### Task description
Would you return, word for word, the lines of the data below from the line with "Certified 2023 Toyota Corolla LE image 15" through the line with "Zippo đồng khối 9 lama hoa văn", and no others?
*** Opening of Records to use ***
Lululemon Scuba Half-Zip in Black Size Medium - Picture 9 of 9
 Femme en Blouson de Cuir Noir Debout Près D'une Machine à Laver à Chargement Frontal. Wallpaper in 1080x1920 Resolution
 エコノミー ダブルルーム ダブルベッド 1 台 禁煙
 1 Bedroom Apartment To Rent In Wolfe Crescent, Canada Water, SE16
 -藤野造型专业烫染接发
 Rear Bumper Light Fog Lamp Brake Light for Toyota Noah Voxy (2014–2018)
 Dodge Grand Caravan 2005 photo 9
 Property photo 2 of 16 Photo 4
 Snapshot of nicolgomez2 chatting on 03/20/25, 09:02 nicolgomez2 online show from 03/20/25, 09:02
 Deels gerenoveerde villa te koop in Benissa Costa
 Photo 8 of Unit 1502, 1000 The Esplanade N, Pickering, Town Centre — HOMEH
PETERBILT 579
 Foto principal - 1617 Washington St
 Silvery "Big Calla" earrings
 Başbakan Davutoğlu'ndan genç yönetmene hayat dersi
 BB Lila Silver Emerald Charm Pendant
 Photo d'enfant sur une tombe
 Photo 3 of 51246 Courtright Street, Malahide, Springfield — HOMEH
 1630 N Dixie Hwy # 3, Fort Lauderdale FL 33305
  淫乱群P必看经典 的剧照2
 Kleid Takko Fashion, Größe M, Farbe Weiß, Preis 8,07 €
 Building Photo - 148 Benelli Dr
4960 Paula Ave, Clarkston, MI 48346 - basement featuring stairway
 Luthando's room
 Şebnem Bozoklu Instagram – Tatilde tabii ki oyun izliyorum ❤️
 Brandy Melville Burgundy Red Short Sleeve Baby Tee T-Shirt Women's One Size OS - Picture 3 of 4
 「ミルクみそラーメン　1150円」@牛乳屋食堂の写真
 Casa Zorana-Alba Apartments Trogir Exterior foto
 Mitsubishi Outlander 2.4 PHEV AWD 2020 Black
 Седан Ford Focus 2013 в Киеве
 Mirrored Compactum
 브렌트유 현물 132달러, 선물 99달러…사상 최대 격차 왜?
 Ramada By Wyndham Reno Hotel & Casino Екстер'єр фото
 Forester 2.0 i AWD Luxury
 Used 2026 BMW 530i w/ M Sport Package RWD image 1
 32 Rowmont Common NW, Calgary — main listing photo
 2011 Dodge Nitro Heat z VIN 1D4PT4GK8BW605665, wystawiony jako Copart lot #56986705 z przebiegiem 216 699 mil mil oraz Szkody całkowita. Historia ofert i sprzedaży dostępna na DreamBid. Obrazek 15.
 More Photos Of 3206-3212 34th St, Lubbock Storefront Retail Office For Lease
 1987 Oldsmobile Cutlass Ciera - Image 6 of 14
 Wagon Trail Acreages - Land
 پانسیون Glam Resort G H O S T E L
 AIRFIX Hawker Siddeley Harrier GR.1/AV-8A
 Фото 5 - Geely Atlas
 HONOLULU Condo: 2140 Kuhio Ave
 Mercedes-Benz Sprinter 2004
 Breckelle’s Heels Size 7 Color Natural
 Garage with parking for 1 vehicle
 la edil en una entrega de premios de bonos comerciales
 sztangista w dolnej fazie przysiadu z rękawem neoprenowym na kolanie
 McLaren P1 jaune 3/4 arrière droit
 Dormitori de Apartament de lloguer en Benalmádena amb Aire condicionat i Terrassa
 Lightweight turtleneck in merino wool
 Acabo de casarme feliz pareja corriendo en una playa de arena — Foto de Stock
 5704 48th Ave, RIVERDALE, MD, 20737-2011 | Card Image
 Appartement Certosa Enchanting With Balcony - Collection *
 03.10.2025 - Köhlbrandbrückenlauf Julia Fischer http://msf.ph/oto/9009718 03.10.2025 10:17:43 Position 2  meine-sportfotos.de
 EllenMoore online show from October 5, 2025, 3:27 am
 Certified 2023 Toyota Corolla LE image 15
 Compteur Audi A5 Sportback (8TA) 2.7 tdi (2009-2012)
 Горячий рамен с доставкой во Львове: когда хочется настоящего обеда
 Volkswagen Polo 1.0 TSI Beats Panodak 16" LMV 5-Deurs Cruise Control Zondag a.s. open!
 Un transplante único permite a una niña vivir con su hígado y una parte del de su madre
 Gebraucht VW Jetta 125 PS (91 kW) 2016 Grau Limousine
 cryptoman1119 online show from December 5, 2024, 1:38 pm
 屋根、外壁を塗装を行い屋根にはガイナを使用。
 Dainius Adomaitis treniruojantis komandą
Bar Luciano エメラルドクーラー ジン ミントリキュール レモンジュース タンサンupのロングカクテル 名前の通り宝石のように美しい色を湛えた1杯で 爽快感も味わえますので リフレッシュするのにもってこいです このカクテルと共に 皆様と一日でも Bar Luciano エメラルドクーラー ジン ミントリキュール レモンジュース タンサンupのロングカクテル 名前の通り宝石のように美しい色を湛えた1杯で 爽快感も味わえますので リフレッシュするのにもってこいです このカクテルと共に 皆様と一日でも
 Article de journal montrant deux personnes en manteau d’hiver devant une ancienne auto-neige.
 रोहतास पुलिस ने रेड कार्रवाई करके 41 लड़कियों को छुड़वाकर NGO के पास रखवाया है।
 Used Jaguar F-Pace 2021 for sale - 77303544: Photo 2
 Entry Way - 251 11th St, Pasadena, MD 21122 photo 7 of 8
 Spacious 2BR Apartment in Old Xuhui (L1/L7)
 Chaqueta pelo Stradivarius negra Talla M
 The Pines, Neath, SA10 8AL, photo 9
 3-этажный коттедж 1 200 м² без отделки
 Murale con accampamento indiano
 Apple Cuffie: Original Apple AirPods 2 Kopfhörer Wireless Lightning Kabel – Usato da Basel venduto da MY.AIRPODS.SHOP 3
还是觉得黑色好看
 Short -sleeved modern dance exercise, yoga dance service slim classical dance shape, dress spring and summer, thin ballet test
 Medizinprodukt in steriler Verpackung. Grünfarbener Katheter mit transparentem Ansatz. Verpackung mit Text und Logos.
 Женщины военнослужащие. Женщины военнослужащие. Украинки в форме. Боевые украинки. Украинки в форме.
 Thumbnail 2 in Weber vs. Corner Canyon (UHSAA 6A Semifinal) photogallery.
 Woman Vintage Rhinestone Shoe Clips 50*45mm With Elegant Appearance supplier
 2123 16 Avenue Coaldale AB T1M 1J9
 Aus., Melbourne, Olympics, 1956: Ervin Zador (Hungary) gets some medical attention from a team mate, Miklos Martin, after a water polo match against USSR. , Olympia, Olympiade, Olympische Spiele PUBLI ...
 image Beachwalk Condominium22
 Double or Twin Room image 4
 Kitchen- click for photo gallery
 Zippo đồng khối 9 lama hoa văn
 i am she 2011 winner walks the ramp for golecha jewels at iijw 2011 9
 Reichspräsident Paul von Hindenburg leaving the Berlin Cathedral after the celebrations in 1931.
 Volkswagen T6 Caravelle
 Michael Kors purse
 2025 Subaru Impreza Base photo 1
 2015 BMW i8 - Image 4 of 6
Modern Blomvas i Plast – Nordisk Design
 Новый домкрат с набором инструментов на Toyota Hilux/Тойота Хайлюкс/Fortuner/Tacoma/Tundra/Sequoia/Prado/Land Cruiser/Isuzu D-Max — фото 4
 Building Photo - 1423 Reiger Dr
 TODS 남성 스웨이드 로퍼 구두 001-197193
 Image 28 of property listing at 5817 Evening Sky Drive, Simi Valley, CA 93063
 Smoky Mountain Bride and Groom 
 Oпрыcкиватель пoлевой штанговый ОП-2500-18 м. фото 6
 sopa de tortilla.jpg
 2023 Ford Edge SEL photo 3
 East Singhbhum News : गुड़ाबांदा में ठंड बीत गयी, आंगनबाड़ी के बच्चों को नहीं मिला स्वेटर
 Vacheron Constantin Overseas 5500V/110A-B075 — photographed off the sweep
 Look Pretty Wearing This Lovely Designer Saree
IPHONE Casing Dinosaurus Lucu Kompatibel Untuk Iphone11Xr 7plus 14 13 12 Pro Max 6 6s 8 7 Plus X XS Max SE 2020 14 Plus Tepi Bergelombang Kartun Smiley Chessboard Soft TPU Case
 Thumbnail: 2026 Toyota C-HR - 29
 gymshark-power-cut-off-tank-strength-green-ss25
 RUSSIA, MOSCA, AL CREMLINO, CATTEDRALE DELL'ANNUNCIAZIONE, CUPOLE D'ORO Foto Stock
*** Close of Records to use ***
### Response to this exercise
 Certified 2023 Toyota Corolla LE image 15
 Compteur Audi A5 Sportback (8TA) 2.7 tdi (2009-2012)
 Горячий рамен с доставкой во Львове: когда хочется настоящего обеда
 Volkswagen Polo 1.0 TSI Beats Panodak 16" LMV 5-Deurs Cruise Control Zondag a.s. open!
 Un transplante único permite a una niña vivir con su hígado y una parte del de su madre
 Gebraucht VW Jetta 125 PS (91 kW) 2016 Grau Limousine
 cryptoman1119 online show from December 5, 2024, 1:38 pm
 屋根、外壁を塗装を行い屋根にはガイナを使用。
 Dainius Adomaitis treniruojantis komandą
Bar Luciano エメラルドクーラー ジン ミントリキュール レモンジュース タンサンupのロングカクテル 名前の通り宝石のように美しい色を湛えた1杯で 爽快感も味わえますので リフレッシュするのにもってこいです このカクテルと共に 皆様と一日でも Bar Luciano エメラルドクーラー ジン ミントリキュール レモンジュース タンサンupのロングカクテル 名前の通り宝石のように美しい色を湛えた1杯で 爽快感も味わえますので リフレッシュするのにもってこいです このカクテルと共に 皆様と一日でも
 Article de journal montrant deux personnes en manteau d’hiver devant une ancienne auto-neige.
 रोहतास पुलिस ने रेड कार्रवाई करके 41 लड़कियों को छुड़वाकर NGO के पास रखवाया है।
 Used Jaguar F-Pace 2021 for sale - 77303544: Photo 2
 Entry Way - 251 11th St, Pasadena, MD 21122 photo 7 of 8
 Spacious 2BR Apartment in Old Xuhui (L1/L7)
 Chaqueta pelo Stradivarius negra Talla M
 The Pines, Neath, SA10 8AL, photo 9
 3-этажный коттедж 1 200 м² без отделки
 Murale con accampamento indiano
 Apple Cuffie: Original Apple AirPods 2 Kopfhörer Wireless Lightning Kabel – Usato da Basel venduto da MY.AIRPODS.SHOP 3
还是觉得黑色好看
 Short -sleeved modern dance exercise, yoga dance service slim classical dance shape, dress spring and summer, thin ballet test
 Medizinprodukt in steriler Verpackung. Grünfarbener Katheter mit transparentem Ansatz. Verpackung mit Text und Logos.
 Женщины военнослужащие. Женщины военнослужащие. Украинки в форме. Боевые украинки. Украинки в форме.
 Thumbnail 2 in Weber vs. Corner Canyon (UHSAA 6A Semifinal) photogallery.
 Woman Vintage Rhinestone Shoe Clips 50*45mm With Elegant Appearance supplier
 2123 16 Avenue Coaldale AB T1M 1J9
 Aus., Melbourne, Olympics, 1956: Ervin Zador (Hungary) gets some medical attention from a team mate, Miklos Martin, after a water polo match against USSR. , Olympia, Olympiade, Olympische Spiele PUBLI ...
 image Beachwalk Condominium22
 Double or Twin Room image 4
 Kitchen- click for photo gallery
 Zippo đồng khối 9 lama hoa văn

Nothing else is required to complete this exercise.